En exil en Argentine de 1946 à 1969, le principal penseur du nationalisme breton du XXe siècle, Olier Mordrel, a vécu de près l’aventure du péronisme au pouvoir et sa chute brutale en 1955. De retour en Bretagne, il rédigera un texte fascinant sur l’Argentine et le péronisme, débutant avec la naissance du futur général Perón jusqu’à la chute de son second régime en 1976. Resté inédit à ce jour, son intérêt est d’autant plus grand que l’Argentine vient de connaître un spectaculaire bouleversement politique avec la fin du régime péroniste de gauche voici quelques semaines et l’arrivée au pouvoir de Javier Milail, un ultra capitaliste bien décidé à défaire tout ce que le péronisme a construit. Il est frappant de constater que la fin du régime péroniste originel du début des années cinquante et celle de celui instauré par la famille Kirchner entre 2003 et 2023 (avec un bref intermède libéral entre 2015 et 2019) se ressemblent comme deux gouttes d’eau.

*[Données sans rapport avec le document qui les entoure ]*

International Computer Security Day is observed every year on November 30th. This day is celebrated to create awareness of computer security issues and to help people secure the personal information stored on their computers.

Écrit en Europe, ce texte n’est pas celui d’un historien, mais plutôt celui d’un essayiste ne disposant que de ses souvenirs et de coupures de presse envoyées par sa fille Yola depuis Buenos Aires. Malgré quelques faiblesses historiographiques, ce texte demeure un puissant témoignage de première main sur le péronisme, écrit par un homme qui aurait logiquement dû le considérer avec bienveillance. Pourtant, la dure réalité de la vie d’un exilé à Buenos Aires lui a permis de vivre le péronisme non seulement de l’intérieur, mais aussi du plus bas de l’échelle sociale. Cette expérience lui a ouvert les yeux, lui faisant voir le régime dans toute sa triste réalité, et lui a fait percevoir l’influence délétère qu’il allait avoir sur le développement, ou plutôt le non-développement, de l’Argentine.

Nous l’avons découpé en plusieurs parties et vous proposerons, chaque jour jusqu’à sa fin, un épisode.

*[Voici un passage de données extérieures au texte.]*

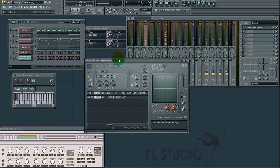Remember that if you have the hold button on and change the scene, the hold button will be deactivated. If you want to use it, you have to reactivate it every time you switch scene. Well, that's about it. Thanks for watching. Bye!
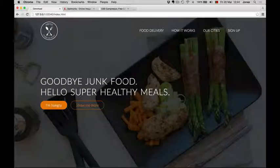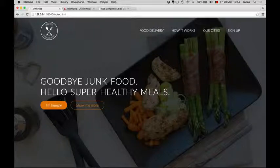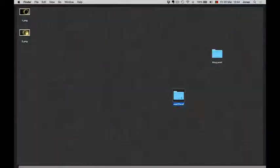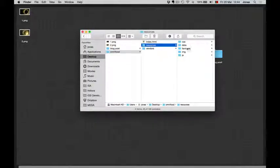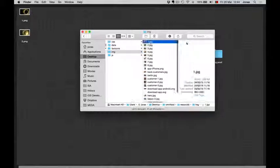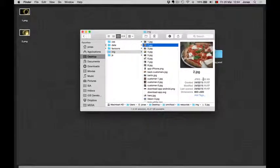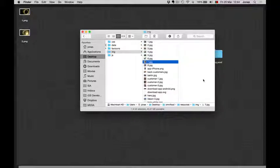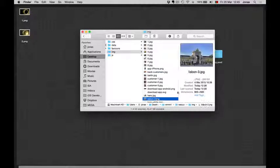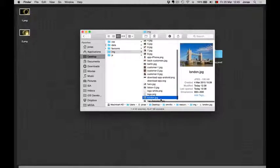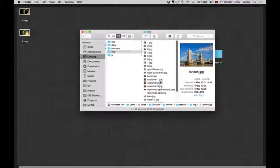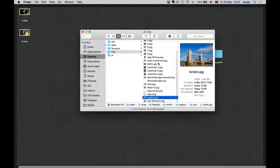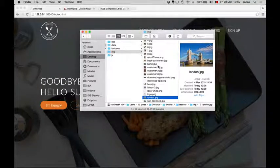The first thing we have to optimize are images, because images are usually by far the heaviest content of our web page. I'll show you that. Coming to my resources folder and the meals, you see 200 kilobytes each. All of these images together combined, when we download the website, takes a long time to download.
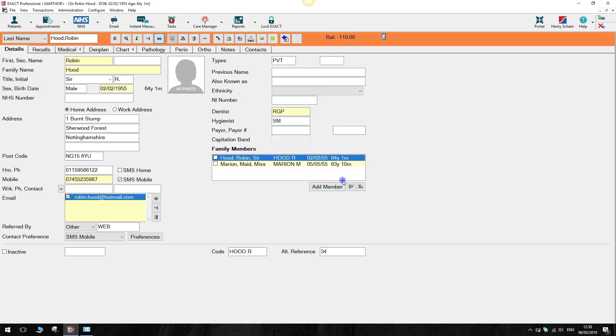Hi, my name is Sarah and I'm a trainer with Software of Excellence. Today we're going to cover how to book family appointments.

Le revers de la belle médaille

Rendu au Paraguay, où la fraternité des dictateurs militaires lui assure un séjour confortable, Péron se décharge en écrivant un livre: La fuerza es el derecho de las bestias «La force est le droit des bêtes.» Il explique qu’il ne dépendait que de lui de rester au pouvoir, mais qu’il avait voulu éviter une hécatombe de vies argentines. Sa thèse est que le péronisme a été écrasé par la synarchie internationale dont font partie le capitalisme, le communisme, la maçonnerie et le clergé traditionnel.» Rien de très nouveau. Un général vaincu a toujours été victime d’une trahison et un régime renversé d’une conspiration internationale.

Ce dont on se doutait, mais ce qu’on ne savait pas, c’est que le couple Péron avait puisé à pleines mains dans le trésor public. On découvre un appartement secret du lider, dont une chambre murée renferme des lingots d’or et une admirable collection d’ivoires, puis un garage confidentiel où brillent les capots de dix-huit voitures luxueuses de tous les modèles. Les appartements de la dame sont encore remplis de ses innombrables toilettes et de quatre cents paires de chaussures. Celle qui voulait donner sa vie pour le peuple, savait prendre soin de la sienne. Sa correspondance révèle qu’elle commandait ses chaussures par six paires à la fois et ses robes chez Dior toujours en double. Elle envoyait un mannequin de sa taille pour les essayer à Paris et les ramener en avion particulier. Une reine aurait pu envier ses bijoux. Mais, comme les six cents cravates d’Arben, le dictateur du Guatemala, ce ne sont là que les péchés mignons de chefs qui partagent les goûts de leurs peuples pour le faste et l’ostentation. Le principal est ailleurs et révèle un monde de tractations secrètes, dont l’écheveau n’a pas encore été complètement débrouillé.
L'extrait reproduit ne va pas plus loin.